A big shout-out to Bluebottle, Mad Dan Eccles, Henry, Min, Grytpype, Dennis Blodnok and the whole crew on the anniversary of the May 28, 1951 launch of the BBC radio comedy The Goon Show featuring Peter Sellers, Spike Milligan and Harry Secombe. And the impeccable upper-crust accent of announcer Wallace Greenslade, trying to keep his poise amid the lunacy.

If you’re familiar with the Goon Show, nothing more need be said. But it will be anyway, including the fact that the legendary “Fifth Beatle,” producer George Michaels, was involved in recording Goon Show records before meeting the Fab Four who were, as boys, all devotees of the show. In fact, he introduced Sellers and the Beatles which is why, among many other things, you can laugh so hard you cry watching Sellers do the lyrics to “A Hard Day’s Night” in overwrought 1950s BBC Shakespeare style.

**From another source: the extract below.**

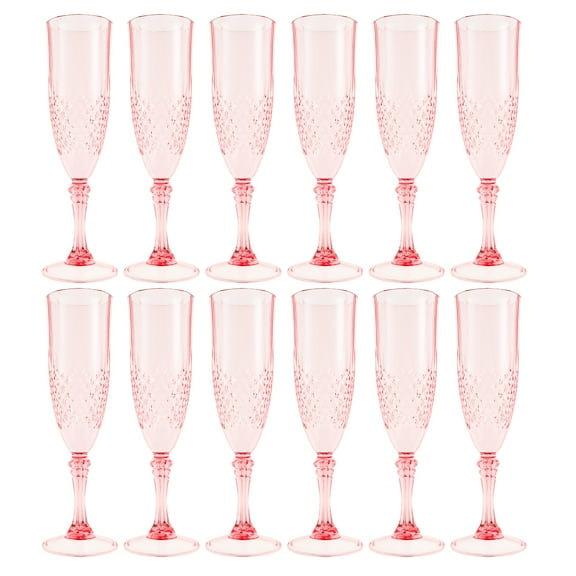 12Pcs Plastic 207ml Champagne Flute Comfortable Grip Wine Goblet Unbreakable Flat Bottom Goblet Easy to Carry for Party Picnic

If you’re not familiar with the Goon Show, you really need to listen to it. For nine brilliant years it ruled the airwaves, making household names of the stars, and also of Greenslade (who only got the job because a more senior announcer, Andrew Timothy, felt it would impair his dignity) and musician Ray Ellington, who turned out to have considerable comic genius. And musician Max Geldray who, well, didn’t.

My own parents listened to it while studying in Britain in the 1950s. And when it was brought to Toronto radio in 1972, they started playing it for us, and I was astounded and hooked instantly.

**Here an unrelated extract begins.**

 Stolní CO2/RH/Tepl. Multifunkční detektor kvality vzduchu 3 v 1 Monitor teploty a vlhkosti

It had the same effect in its original run on the future Monty Python troupe. But IMHO the Goon Show holds up much better than Monty Python despite being decades older.

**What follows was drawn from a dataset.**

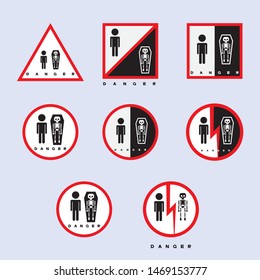 
illustration consisting of several warning signs in the form of a skeleton in a coffin.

It’s a technologically different world, of course, where there were no computers and no smart phones and TV was a novelty. But Milligan’s genius as the main writer, and that of all three and the bit players as radio actors, is genuinely immortal, from Sellers’ lecherous and cowardly Major Bloodnok to Milligan’s idiot Eccles to Secombe’s hapless protagonist Ned Seagoon. Sellers could even turn the arch-villain Grytpype’s dry “Please… don’t do that” into a catchphrase, while only Milligan could have created such a name as “Hercules Grytpype-Thynne” and made it work.

The good men do is oft interred with their bones. But in the case of these three, all now passed on to that great studio in the sky, the frequently astonished laughter has never stopped.

If you haven’t listened to the madcap brilliance that invariably followed Greenslade’s staid straight-man “This is the BBC”, you absolutely owe it to yourself. If you have, listen again.